Where did so many manganese oxides come from? All scenarios investigated by the team require a highly oxidizing environment. So was the primitive atmosphere of Mars richer in oxygen? And if so, how?

On Earth, these types of deposits are very common – due to the high levels of oxygen in our atmosphere, produced by photosynthetic life, and by microbes that help catalyze manganese oxidation reactions. Microbes on Earth can use many oxidation states of manganese as energy for metabolism. Hence the bold theory that originally Martian settlements arose in a river, delta, or near the shoreline of an ancient lake.

It is difficult for manganese oxide to form on the surface of Mars, so we did not expect to find it in such high concentrations in coastal sediments (…). We have no evidence of life on Mars, and the mechanism by which oxygen was produced in Mars' ancient atmosphere is not clear, so how manganese oxide was formed and concentrated is truly a mystery.

– said the main author of the scientific work in a statement Patrick Gasda from the Space Sciences and Applications group at Los Alamos National Laboratory.

Of course, we cannot assume that life produced oxygen, and this oxygen formed a chemical compound that then disappeared over the centuries. But something had to oxidize the manganese and iron found by Curiosity, so there had to be a process. Even if no life forms were involved.
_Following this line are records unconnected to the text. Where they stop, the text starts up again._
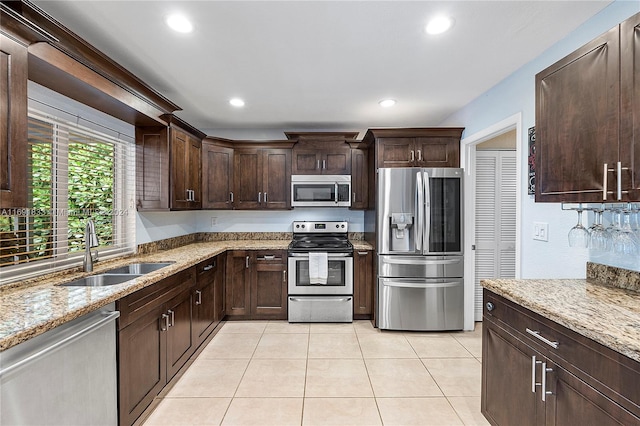 kitchen with sink, light tile patterned floors, light stone countertops, appliances with stainless steel finishes, and dark brown cabinetry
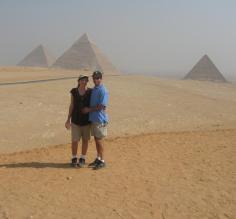 A couple poses in front of the pyramids.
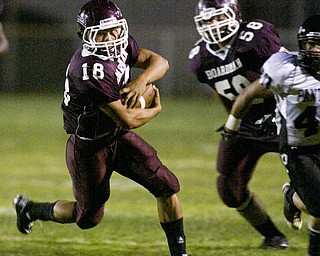 William D. Lewis The Vindicator Nick Bounavolonta of Boardman carries the ball during 1 rst qtr action Friday.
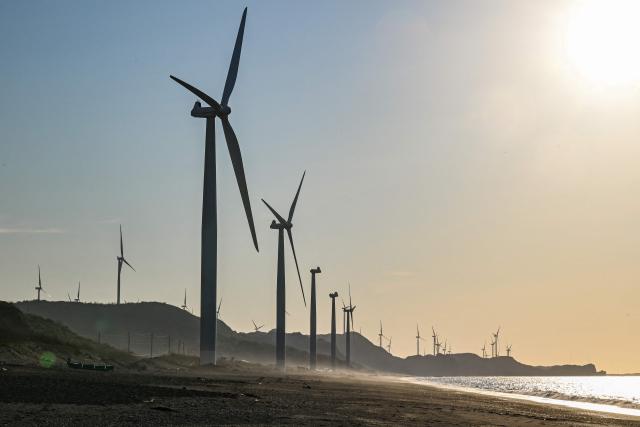 Wind turbines are pictured along the shore in Bangui in the northern Philippines province of Ilocos Norte on May 6, 2026. (Photo by Jam STA ROSA / AFP)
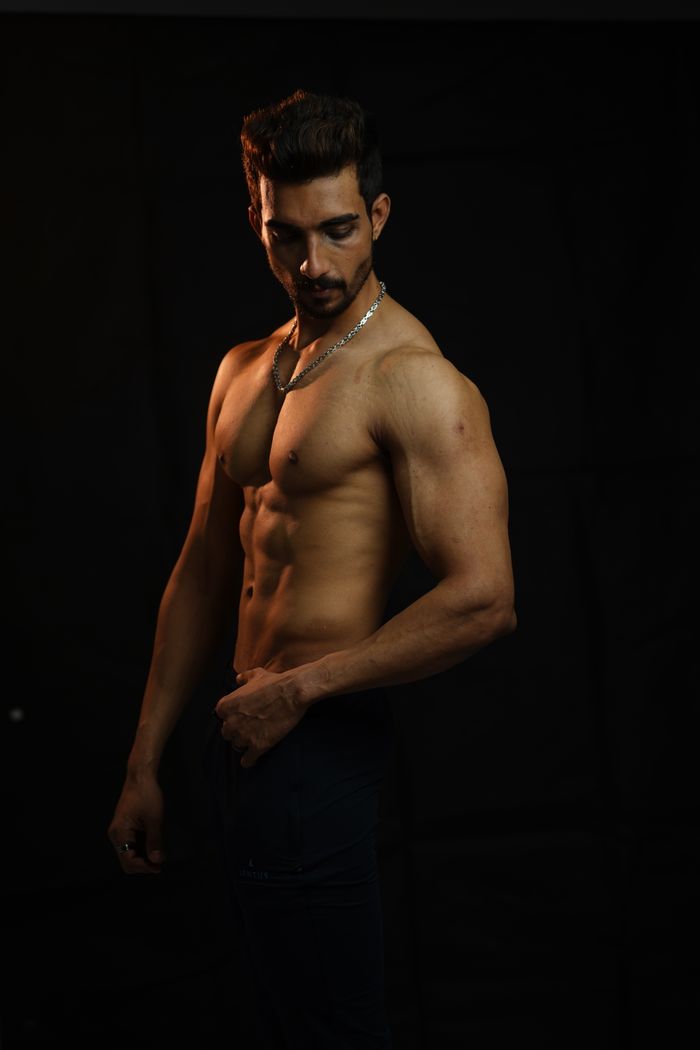 gallery-3 Shirtless muscular man posing in a dark studio with dramatic lighting.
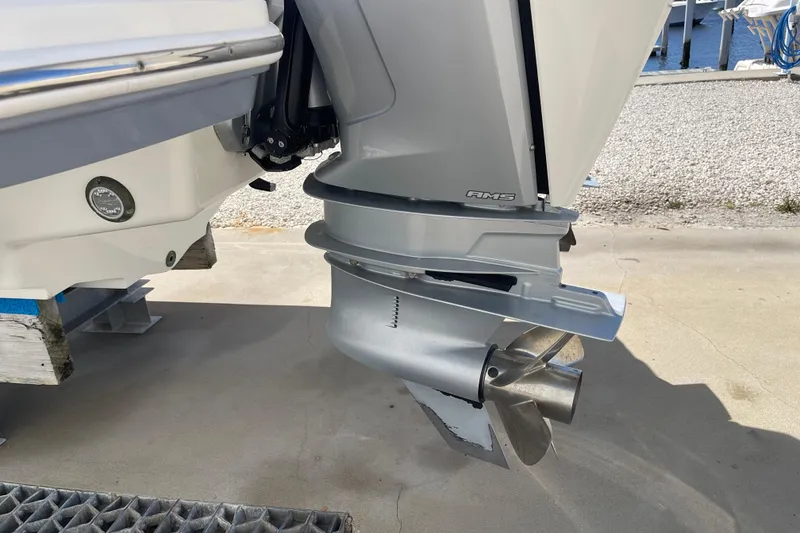 Slide: The Image of 2023 Sea Ray SDX 290 Outboard engine close-up, showcasing propeller and lower unit. - 37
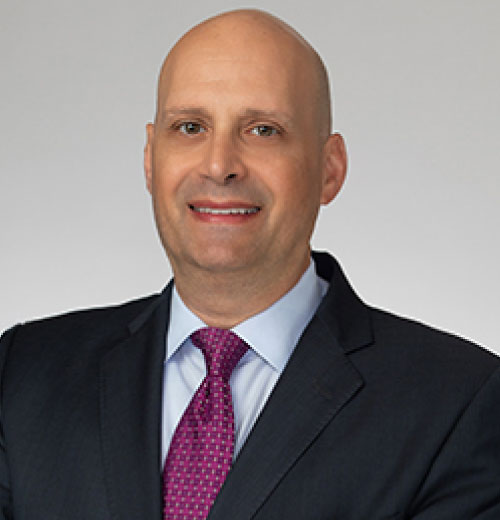 Professional portrait of Barry B. Ansbacher, a bald man in a dark suit, light blue shirt, and pink patterned tie, smiling at the camera. He has a confident and friendly expression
The Gale Lake environment, revealed by these ancient rocks, gives us a window into a habitable environment that looks surprisingly similar to places on Earth today (…). Manganese minerals are common in the shallow, oxygenated waters found on the shores of lakes on Earth, and it is unusual to find such recognizable features on ancient Mars.

– she said Nina Lanzaprincipal investigator of Curiosity's ChemCam instrument

The Gale crater has a diameter of 154 km and was formed 3.5 to 3.8 billion years ago by a meteorite impact. Inside there is the mountain Aeolis Mons, rising above the rim of the crater. The layered structure of the 5.5 km-high mountain indicated that it may contain a long sequence of sediments representing the geological history of Mars, which is why Gale Crater was chosen by scientists as the landing site for the Curiosity rover. The rover began transmitting the first data about the surface of Mars on August 6, 2012.